心中することになる若い女と初めて会った時に、
お互いに興味を見透かされないようにチェックする初対面の感じが良かった。

見るのが怖いような美人である。目がきらきらと輝き、光が猛禽のようである。私は目を逸らす。それと察知して、右手で軽く胸をかばうような仕草をし、また私を見遣って、目を伏せる。その目を伏せる時にだけ、この女の中に隠されているらしい暗いものが顔に現れる。伊賀屋の女主人が目の隅で、鋭く私を返り見る。私は横を向く。併しその瞬間、も一度、女の姿を盗み見る。見ずにはいられない美貌であり、黒髪が匂うようである。

この女は刺青の彫師の女で、さらに自分のアパートの真下に住んでいる。
この女とデキてから彫師に探りを入れられるのだが、その探りもナイフの上のナメクジのように、ねっとりと鋭く、恐ろしい。

 

 人間に生まれたことを取り返しのつかない不幸だと感じてる著者の価値観が垣間見える文章も、理解できないわけではなかった。
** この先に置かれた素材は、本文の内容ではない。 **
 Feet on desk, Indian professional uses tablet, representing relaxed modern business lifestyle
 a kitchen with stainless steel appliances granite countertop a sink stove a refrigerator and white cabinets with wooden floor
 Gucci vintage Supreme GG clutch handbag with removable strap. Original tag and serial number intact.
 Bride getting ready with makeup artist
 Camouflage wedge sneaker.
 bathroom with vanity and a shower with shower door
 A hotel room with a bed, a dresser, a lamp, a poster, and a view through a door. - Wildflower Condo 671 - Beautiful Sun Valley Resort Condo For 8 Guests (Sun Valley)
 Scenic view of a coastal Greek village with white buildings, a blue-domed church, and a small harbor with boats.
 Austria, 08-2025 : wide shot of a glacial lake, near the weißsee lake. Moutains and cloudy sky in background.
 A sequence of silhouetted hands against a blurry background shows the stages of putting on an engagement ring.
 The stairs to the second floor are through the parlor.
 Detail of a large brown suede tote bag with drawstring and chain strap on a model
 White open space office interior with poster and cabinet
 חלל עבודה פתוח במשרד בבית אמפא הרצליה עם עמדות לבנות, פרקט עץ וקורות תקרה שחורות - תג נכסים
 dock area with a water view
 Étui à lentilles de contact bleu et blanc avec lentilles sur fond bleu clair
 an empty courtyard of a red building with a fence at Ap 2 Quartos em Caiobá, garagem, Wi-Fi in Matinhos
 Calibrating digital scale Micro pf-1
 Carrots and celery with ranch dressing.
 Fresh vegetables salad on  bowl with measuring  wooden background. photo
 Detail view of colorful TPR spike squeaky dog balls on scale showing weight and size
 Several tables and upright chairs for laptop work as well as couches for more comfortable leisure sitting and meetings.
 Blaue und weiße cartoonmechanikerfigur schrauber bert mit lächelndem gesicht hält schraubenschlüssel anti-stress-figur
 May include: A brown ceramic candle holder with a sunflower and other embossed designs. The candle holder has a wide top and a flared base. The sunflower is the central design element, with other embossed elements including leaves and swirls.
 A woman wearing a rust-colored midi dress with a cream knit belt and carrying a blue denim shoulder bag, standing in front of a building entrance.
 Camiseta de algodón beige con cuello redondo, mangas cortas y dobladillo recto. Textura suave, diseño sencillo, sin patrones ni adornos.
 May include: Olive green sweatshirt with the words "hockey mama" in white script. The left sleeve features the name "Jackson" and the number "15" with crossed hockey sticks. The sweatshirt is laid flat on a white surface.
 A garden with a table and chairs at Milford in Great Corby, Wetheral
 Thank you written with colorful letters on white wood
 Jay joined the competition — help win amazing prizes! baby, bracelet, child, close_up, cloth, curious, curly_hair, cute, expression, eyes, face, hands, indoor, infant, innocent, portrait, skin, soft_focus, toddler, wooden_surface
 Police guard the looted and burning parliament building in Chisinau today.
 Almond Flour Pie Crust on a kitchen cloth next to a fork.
このままでは「中流の生活。」に落ち着いてしまうという恐怖。併し会社の同僚たちはみな「中流の生活。」を目指していた。あんな生活のどこがよくて。ピアノの上にシクラメンの花が飾ってあって、毛のふさふさした犬がいる贋物西洋生活。ゴルフ。テニス。洋食。音楽。自家用車。虫唾が走る。あんな最低の生活。

まさに反社会的。社会還元という人の定めと批判している俗物にすら成り得ない自分に納得できない思考。

人や社会の何を見ても基本的にネガティブに業深く捉える。こちらは心中相手と動物園に来た時の描写。

それでも来園者の半数以上は、生殖期の盛りを過ぎた男女が、自分たちが生殖した生物を連れて来ているか、あるいはさかりの付いた若い男女が、これからの生殖にそなえて、毛物や鳥、爬虫類たちの腥い貪食と生殖の臭いを嗅ぎに来ていた。

 人生に意味は無いと繰り返しでてくるが、認めたくないが故に繰り返すのだろうか。個人的には「夜と霧」フランクルの「私たちが人生から何を期待できるかが問題なのではなく、人生が何を私たちに期待しているか」を思い出した。あと、三重県の赤目四十八瀧に行ってみたくなった。